Spammers seeking to rebuild botnets after legal actions shut down several zombie networks are driving a surge in malware-containing spam according toe Symantec.

Last month saw a surge in malware-containing spam, according to a new study by Symantec. Interestingly, while Symantec said that malware-containing spam never comprised more than 3% of all spam on any given day in 2010, all of that changed in June. "Malware spam made up almost 12% of all spam on June 13th, and topped 5% on June 3rd and 15th," according to the report.

What's behind the increase? According to Symantec, spammers appear to be "trying to make up for the loss of several zombie networks, due to legal actions." In other words, they're pumping out spam with malware in an attempt to build their botnets back up to full strength, adding as many compromised -- aka zombie -- PCs as they can.

Spam-containing malware isn't the only attack that's lately been on the increase. Indeed, from May to June 2010, the incidence of phishing attacks increased by 25%. In part, this was due to the prevalence of attackers using automated toolkits for creating their phishing attacks; the use of such toolkits more than doubled in that timeframe. The number of free webhosting services being used in such attacks also increased by 26% from May to June, to comprise 11% of all phishing attacks.

As always, the primary motive behind phishing attacks appears to be monetary, with 85% of all phishing attacks targeting financial institutions, versus 14% targeting information services companies, and less than 1%, government agencies.

On a positive note, however, the amount of spam in the wild has recently declined. While spam comprised 88.3% of all email messages in June, that was down from 89.8% in May.

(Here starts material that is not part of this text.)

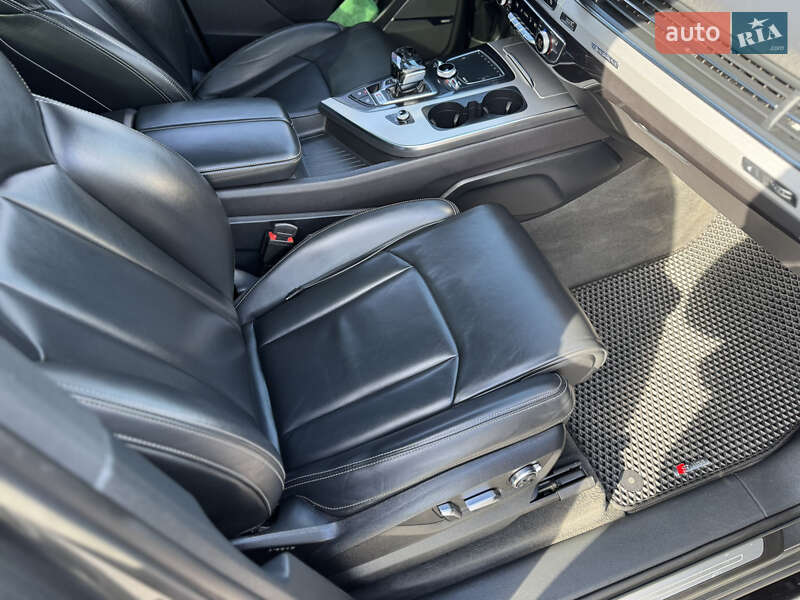 Внедорожник / Кроссовер Audi SQ7 2018 в Днепре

In recent months, attackers have also been creating more phishing websites that spoof Google's social networking site Orkut, especially in Brazilian Portuguese, since Orkut's biggest traction is in Brazil, said Symantec. These spoof sites have even been going so far as to mimic Google's changing imagery, often based on popular holidays, such as Earth Day and Mother's Day. This attention to detail may result from the need to trick the maximum number of people during the short window that a phishing site remains active -- just 54 hours, according to Symantec -- before it gets shut down.